Texas Supreme Court Justice Joe Greenhill Funeral Rich With Tales

February 18, 2011

The Who’s Who of the old Austin legal and political community jammed downtown St. David’s church Tuesday afternoon to say goodbye to revered retired Chief Justice of the Texas Supreme Court Joe Greenhill.  And along with the reverent moments to celebrate the life of a genuine comunity icon, attendees got a generous diet of humor from longtime friend Larry York and sons Joe, Jr. nd Bill Greenhill.

York told the story of the day newly elected Lt. Governor Bill Hobby was sworn into office at the State Capitol.
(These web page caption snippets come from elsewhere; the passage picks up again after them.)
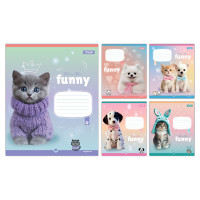 Зошит учнівський шкільний Funny Pets А5 12 аркушів клітинка 1 Вересня (768208)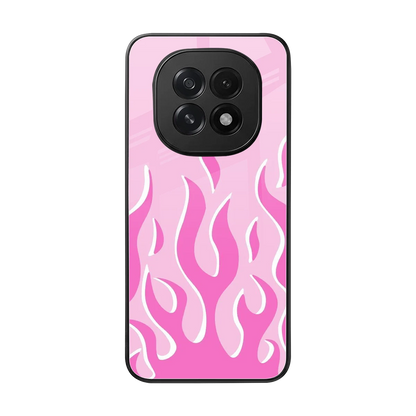 Y2K Retro Pink Flames back phone cover | glass case for oppo f29 5g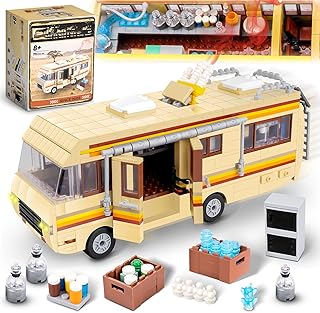 Building Block Bus for Break Bad Rv Sets, Creative Camper Van Building Block Merchandise, DIY RV Building Set Toy, Building Bricks Kit Model Gifts for Ages 8-14(986 Pieces)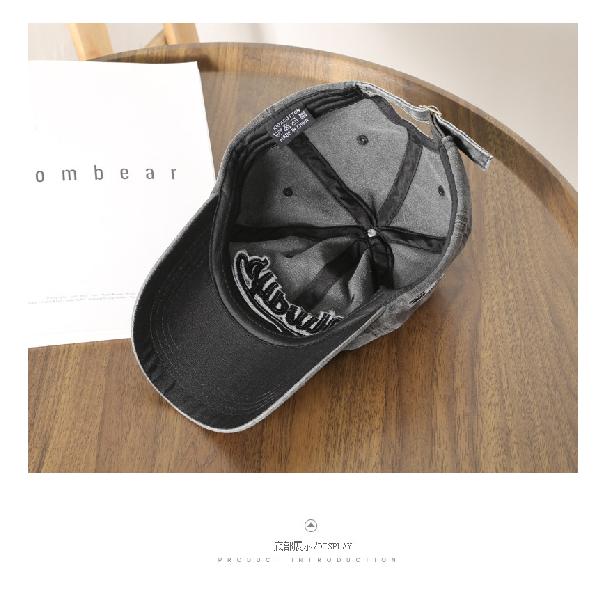 Trendy men's washed letter-embroidered baseball cap, suitable for outdoor wear, offering sun protection and shade for women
When Justice Greenhill called upon Hobby to raise his right hand to take the oath, Hobby–a lefthander, intinctively raised his left hand. So Greenhill, never missing a beat, raised his own left hand and continued to administer the oath.  And the Chief Justice said no one ever questioned whether Hobby was legally Lt. Governor.

Another tale from York that regaled the audience was about the time Greenhill took his rather run-down 12-year-old green Dodge into an auto repair shop to fix some problem. When told the part needed was no longer available, Greenhill instructed  the repair man to “just rig up somthing” he thought would work.  Then, eyeing the SO-13 state license plate, the repair man asked him if  he was in government. Greenhill confessed he was a Justice, to which the man looked over the green Dodge once more and replied “well, you must be a really honest judge”.
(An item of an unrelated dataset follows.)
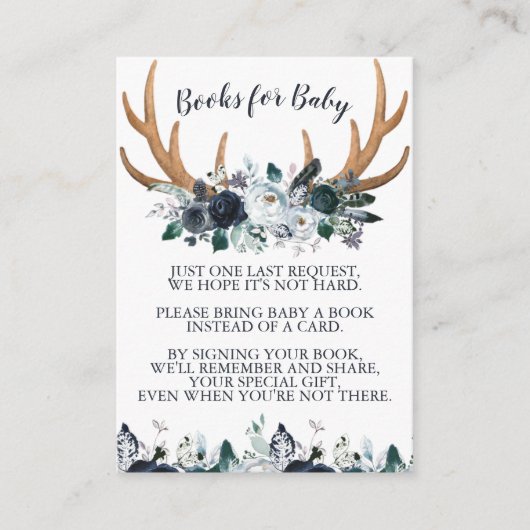 Boho Baby shower Books for Baby Insert Card Informatiekaartje (Voorkant)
On  more serious notes, friends heard how Greenhill always answered his own phone and showed his handwritten opinions to 60-year-long wife Martha to be sure they were easily understood by the layman. They also heard how that in a time before desegregation, he made sure that  visiting lawyer Thurgood Marshall had a place to stay while in Austin to argue the landmark Herman Sweatt-University of Texas case, even though as then- assistant Attorney General for  Texas, he was bound to oppose him in court.  The passing of Chief Justice Greenhill takes away one more giant of Texas history.